#### EXERCISE REQUIREMENTS
Images should be omitted while the rest of the data is duplicated exactly.

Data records
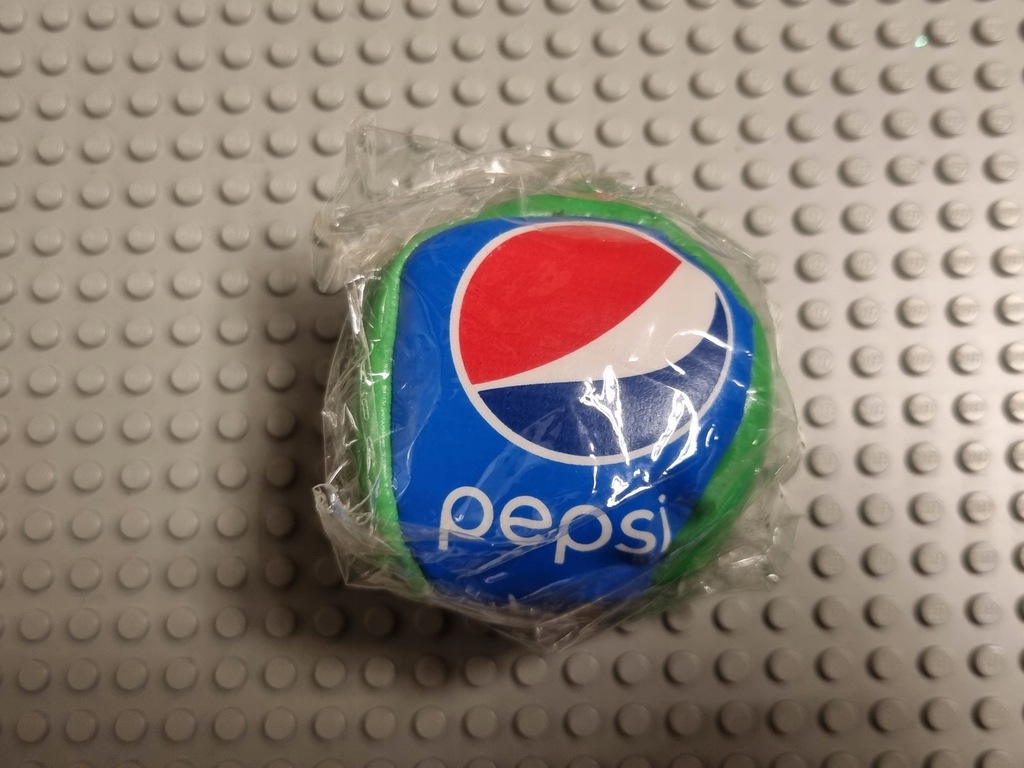 * ZOŚKA PEPSI * UNIKATOWA OKAZJA GADŻET PEPSI PIŁECZKA ZOŚKA ! NOWA FOLIA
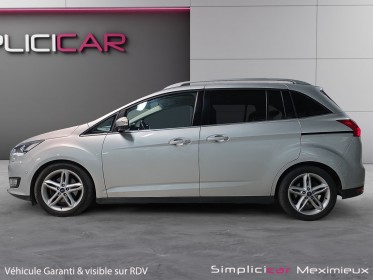 Ford grand c-max 2.0 tdci 150 ss titanium x garantie 12 mois occasion simplicicar meximieux simplicicar simplicibike france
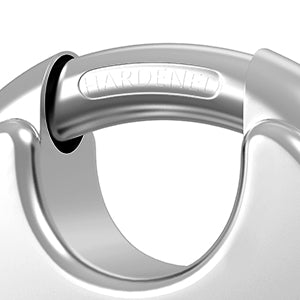 eavy duty disc padlock is made of 304 stainless steel, which is ultra waterproof and antirust. It provides maximum corrosion protection during outdoor or indoor use.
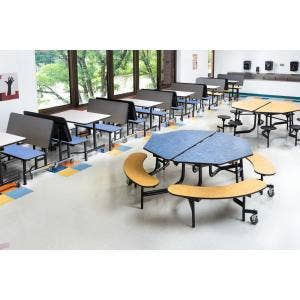 New Cafeteria Furniture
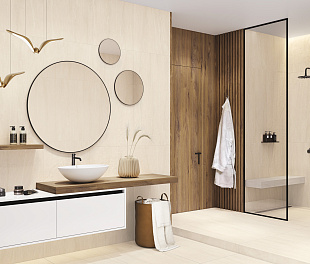 Керамогранит Elegance Tiles & Stone Swift Beige 80x80 Бежевый Матовый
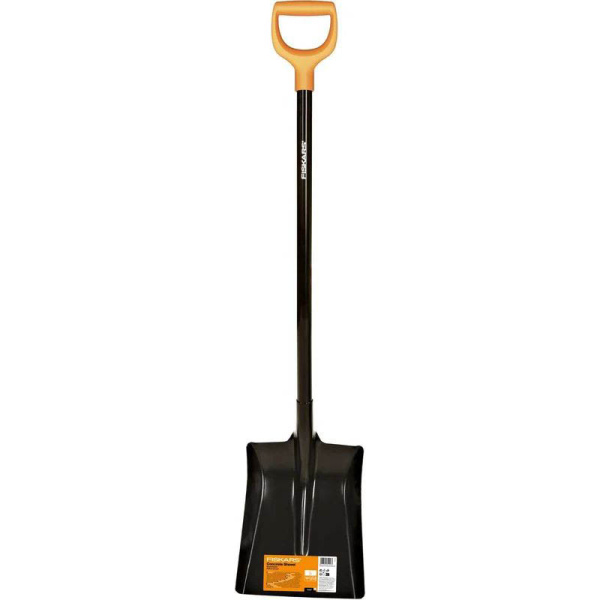 Лопата садовая Fiskars для строительных растворов Solid PLUS (длина:1227мм, ширина:275мм) 1067518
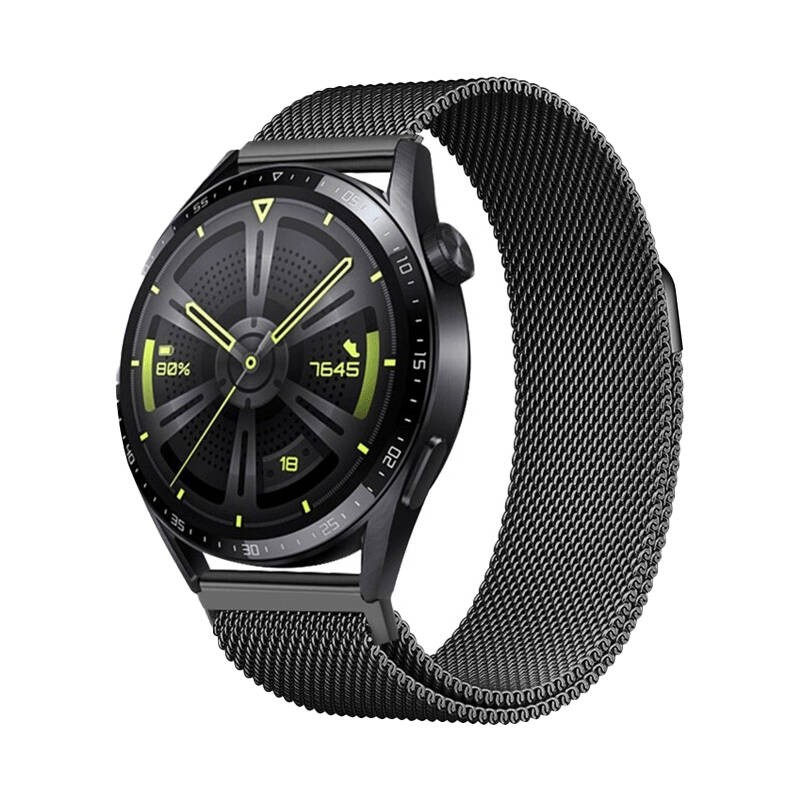 Galaxy Watch Active 2 44mm Zore Band-12 20mm Metal Hasır Kordon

#### TASK SOLUTION
 * ZOŚKA PEPSI * UNIKATOWA OKAZJA GADŻET PEPSI PIŁECZKA ZOŚKA ! NOWA FOLIA
 Ford grand c-max 2.0 tdci 150 ss titanium x garantie 12 mois occasion simplicicar meximieux simplicicar simplicibike france
 eavy duty disc padlock is made of 304 stainless steel, which is ultra waterproof and antirust. It provides maximum corrosion protection during outdoor or indoor use.
 New Cafeteria Furniture
 Керамогранит Elegance Tiles & Stone Swift Beige 80x80 Бежевый Матовый
 Лопата садовая Fiskars для строительных растворов Solid PLUS (длина:1227мм, ширина:275мм) 1067518
 Galaxy Watch Active 2 44mm Zore Band-12 20mm Metal Hasır Kordon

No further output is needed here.